Problem requirements: Please repeat, exactly and without pictures, the lines of the entries below that run from the one containing "Halaman 186 dari" through the one containing "Okazion 2+1 te hoel Palace ne Durres , Vente".
### Recorded information
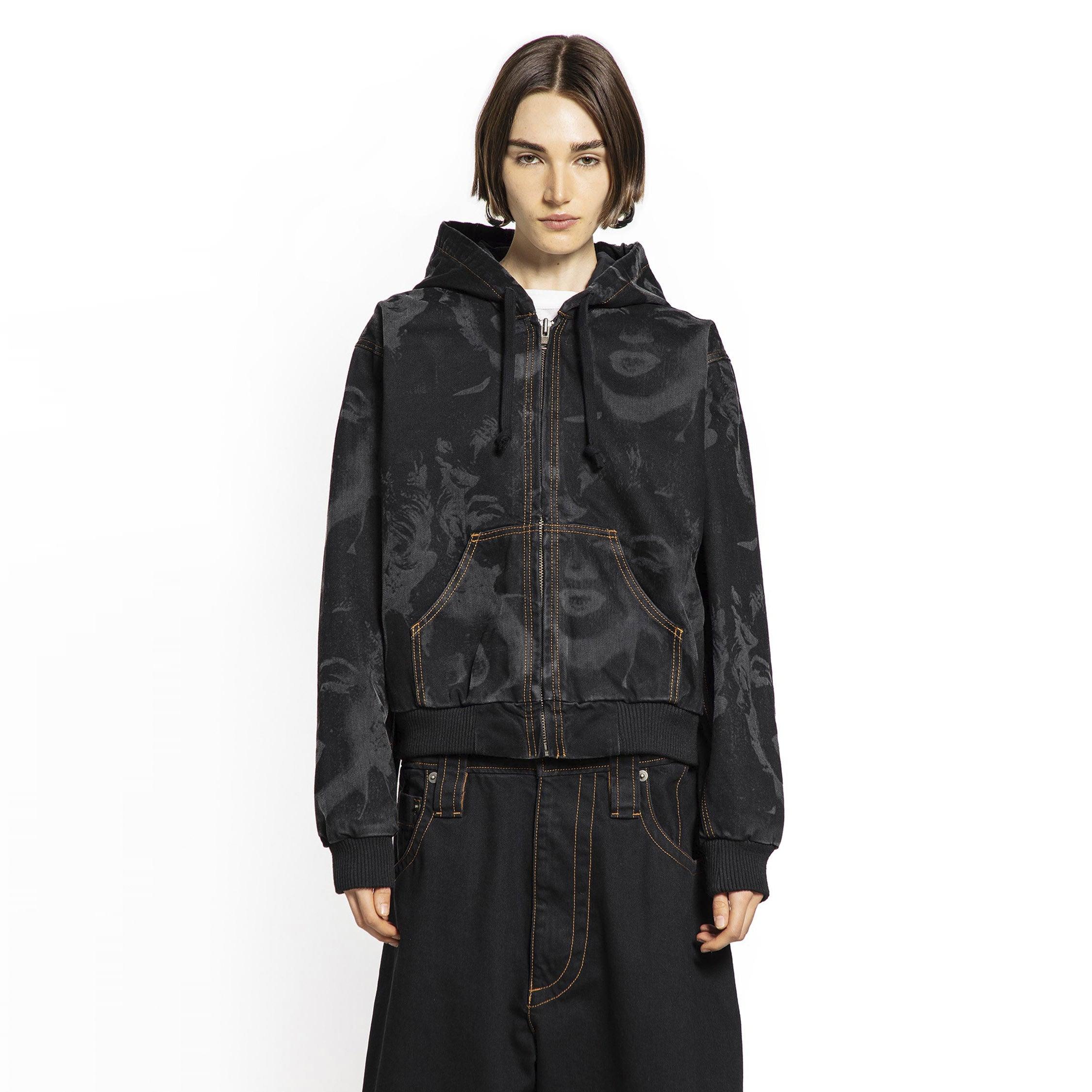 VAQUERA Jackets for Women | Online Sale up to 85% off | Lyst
######
### Recorded information
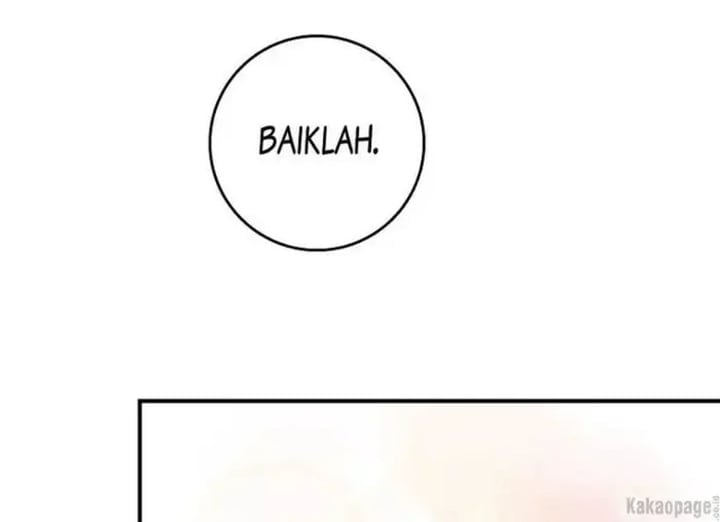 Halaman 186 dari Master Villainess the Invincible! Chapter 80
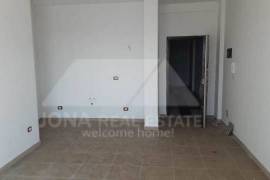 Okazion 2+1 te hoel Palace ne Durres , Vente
######
Written answer:
 Halaman 186 dari Master Villainess the Invincible! Chapter 80
 Okazion 2+1 te hoel Palace ne Durres , Vente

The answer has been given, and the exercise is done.